Returned Australian soldiers parade through the streets of Brisbane on 14 June 1967. According to the Australian War Memorial’s caption, “More than 2000 people gave a rousing welcome to the 500 troops arriving home from Vietnam on board the HMAS Sydney, 60,000 people later lining the route as they marched through Brisbane city.” Yet it’s often said that there were no welcoming parades.


Was it common for demonstrators against the Vietnam war to denigrate and even assault soldiers returning to Australia? Many people believe so, but when journalist Mark Dapin was researching his book Australia’s Vietnam: Myth vs History, he could find no contemporary evidence whatsoever that incidents like this occurred. To make his case, he politely but exhaustively critiqued a well-known version of the story — Paul Ham’s account of the homecoming of Australian veterans in his bestselling Vietnam: The Australian War — and effectively left a whole chapter of that book in tatters. And yet, a year on, Dapin’s case hasn’t received anything like the attention it deserves. When I contacted Paul Ham, he wasn’t aware of this challenge to his version of events.

Ham’s account, which won the NSW Premier’s Prize for Australian History, depicts a protest movement pitted against the men who fought in Vietnam as much as the governments who sent them there. In a chapter titled “Baby-killers,” Ham recounts allegations that demonstrators appeared at airports, abusing and even spitting on soldiers the moment they touched down in Australia.

One veteran quoted by Ham recalled being attacked as soon as he got off the plane in Sydney. “Outside Mascot airport, hundreds of demonstrators pelted him and his fellow troops with rotten fruit,” Ham tells readers. Another soldier described family reunions inside an airport terminal being interrupted when “these motherfuckers come bursting in carrying placards… One I’ll never forget as long as I live… a placard saying ‘CHILD KILLERS.’” A third veteran attested to an airport demonstration at which a woman lunged at him and spat in his face.

Reacting to incidents like this, Ham’s assessment of the anti-war movement is scathing. Describing the protesters as a “fifth column,” he comments acidly that “perhaps silence is the only refuge open to them. If so, their silence condemns them: none has publicly recanted; none has apologised.” That, of course, assumes they were guilty of the sins alleged.

Intrigued by these claims, Dapin scoured digitised newspapers from the period for reports of anti–Vietnam war demonstrations at Australian airports. He found no reports of incidents at any airports, nor any reports of protesters insulting, abusing or spitting at soldiers anywhere else. None at all. What he did find was that the first allegation of this nature wasn’t published until 1982, a decade after the last Australian soldiers had returned home from Vietnam.
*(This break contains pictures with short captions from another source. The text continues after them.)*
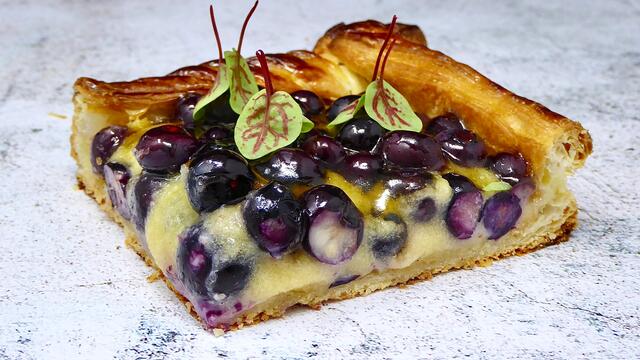 Blueberry and lemon curd tart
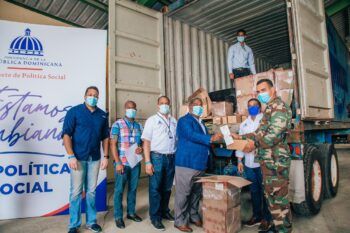 El Gabinete de Política Social entrega lotes de tarjetas del Bono Navideño a instituciones del Estado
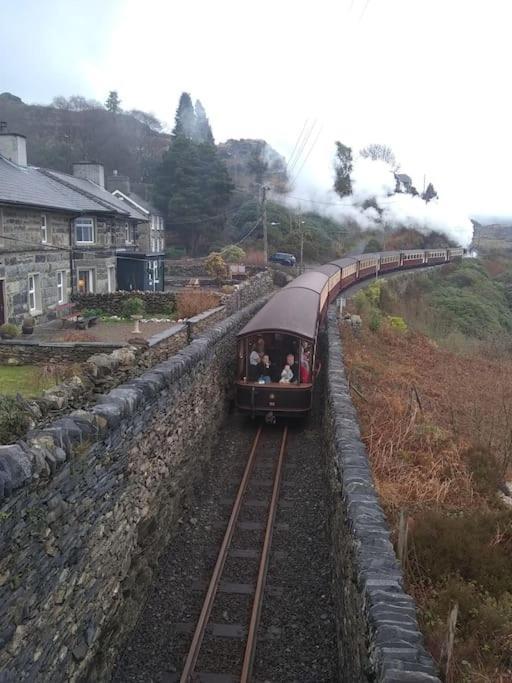 Daisys Cottage. Blaenau Ffestiniog. Eksteriør billede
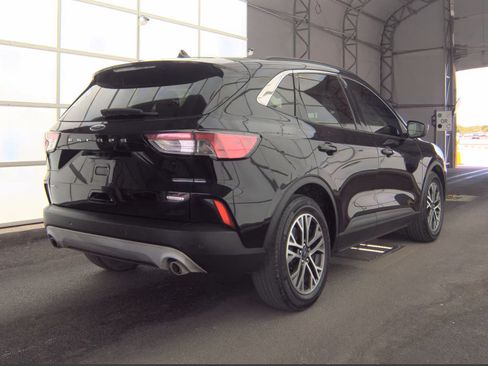 Used 2020 Ford Escape SEL FWD image 2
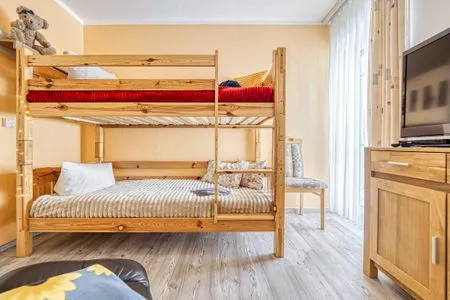 Schlafzimmer mit Etagenbett Parkresidenz am Hafen Wohnung HF 34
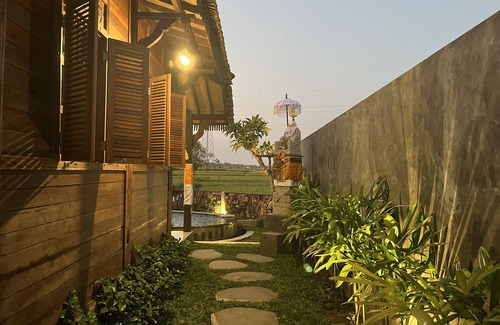Lodtunduh Villa | Pondok Eka Wood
Ultimately, Dapin concluded that airport demonstrations, spitting and jeers are the stuff of myth, not history.

Ham, on the other hand, stands by his original assessment of the evidence. “The argument that airport protests against the Vietnam war weren’t reported, ergo, they didn’t happen, is illogical and absurd,” he wrote recently via email from Paris. “I spoke to many veterans, not just the ones recorded in my book, who recall clearly encountering hostile anti-war protests at Australian airports on their return from Vietnam… Dapin is, in essence, calling them liars. I believe the soldiers’ accounts. And I stand firmly by my account of the history of the anti-war movement.”

In fact, Dapin goes to great lengths to avoid calling anybody a liar, but he does conclude the allegations are untrue. His research extended well beyond the mainstream press, and he found no contemporary record of conservative Australia criticising the anti-war movement for targeting soldiers. “The National Civic Council’s News Weekly, the scourge of the student left and tireless chronicler of radical outrage, recorded no airport demonstrations,” he notes. ASIO, which spied intensively on the peace movement throughout the war, produced no reports of airport demonstrations. Dapin even trawled through archives of materials produced by the anti-war movement itself in search of flyers, posters or polemics that might point to any of the fabled airport confrontations. Again, he found nothing.
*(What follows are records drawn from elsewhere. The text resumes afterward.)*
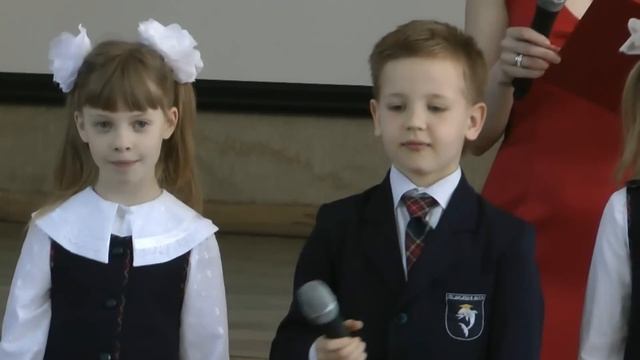 Последний звонок. Стихи первоклашек. смотреть онлайн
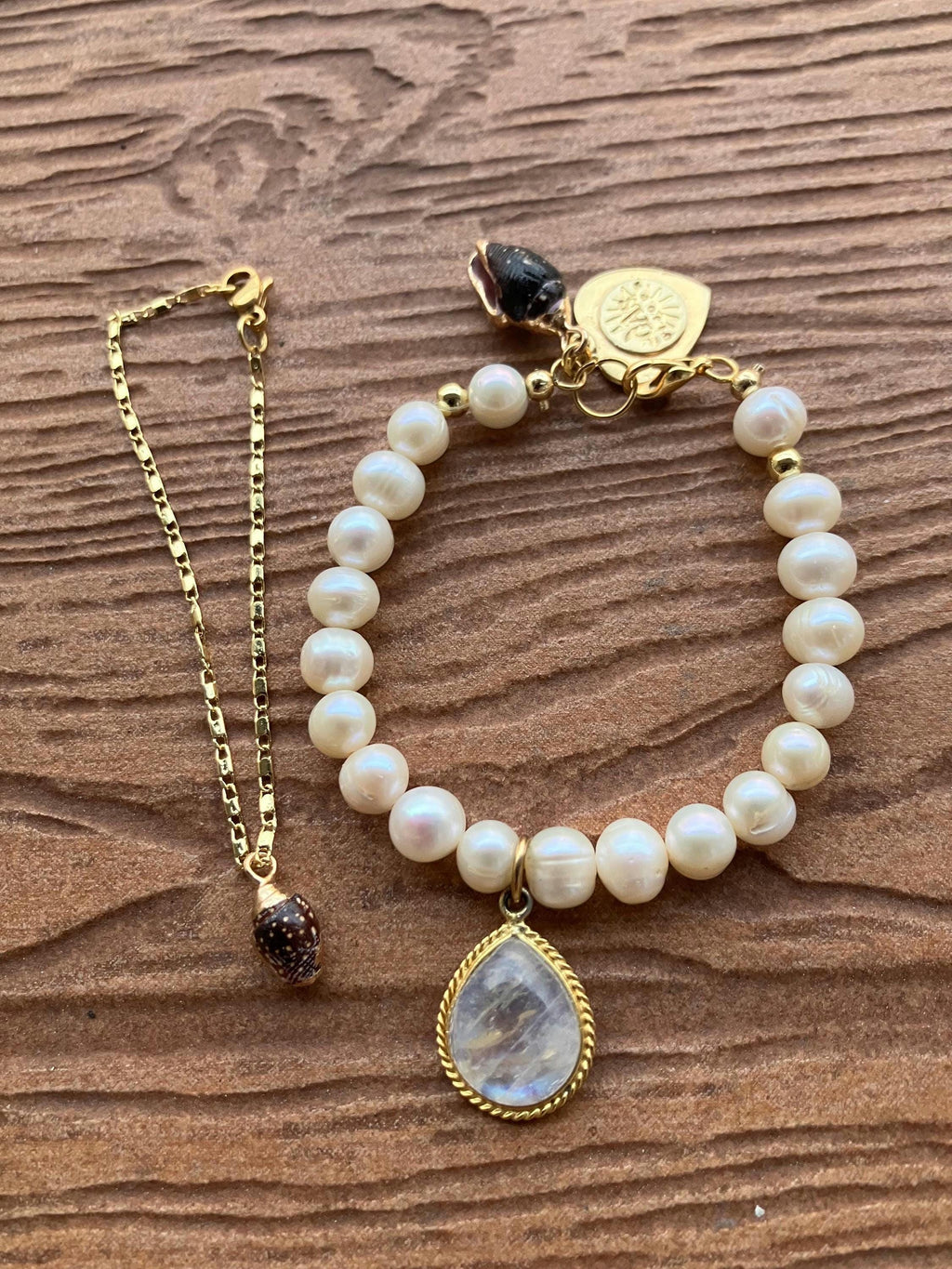 ensemble bracelets chic perles naturelles d eau douce, plaqué or, pierre de lune et coquillage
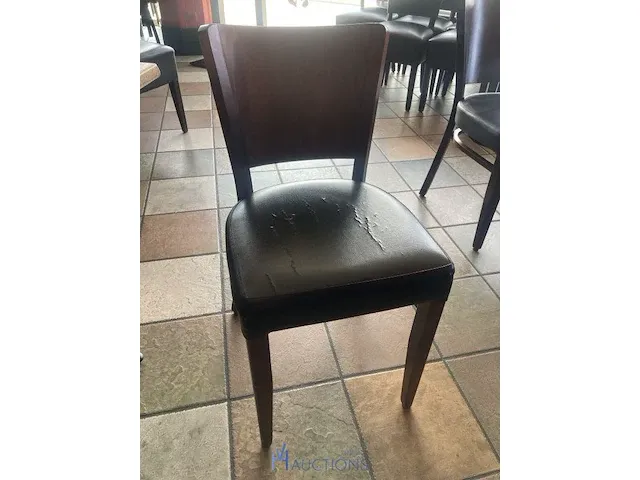Tafel compleet met 4 stoelen - afbeelding 4 van  4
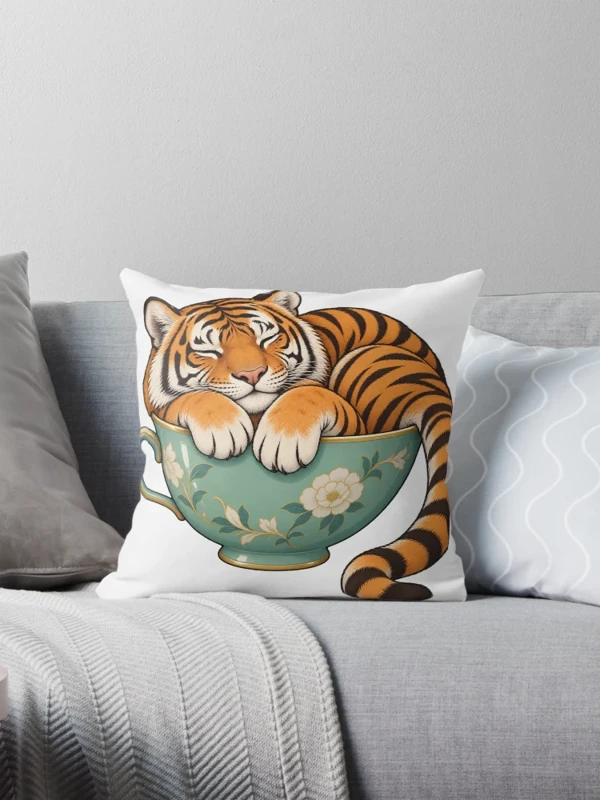 Tigre endormi dans une tasse fleurie sur Coussin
Similarly, there is no contemporary evidence of Australian soldiers being called baby killers or anything similar. The term didn’t appear at all in the Sydney Morning Herald during the war years, and the Canberra Times made only two mentions of “baby killers” during the period: one related to a lethal virus, the other to a cot death. In News Corp’s and Nine’s digital archives, the first mention of “baby killers” in relation to Vietnam veterans doesn’t appear until 1997. “There are thousands of photographs of anti–Vietnam war demonstrations in archives throughout Australia,” writes Dapin, “and I have been unable to find a picture of a banner reading ‘baby killers.’”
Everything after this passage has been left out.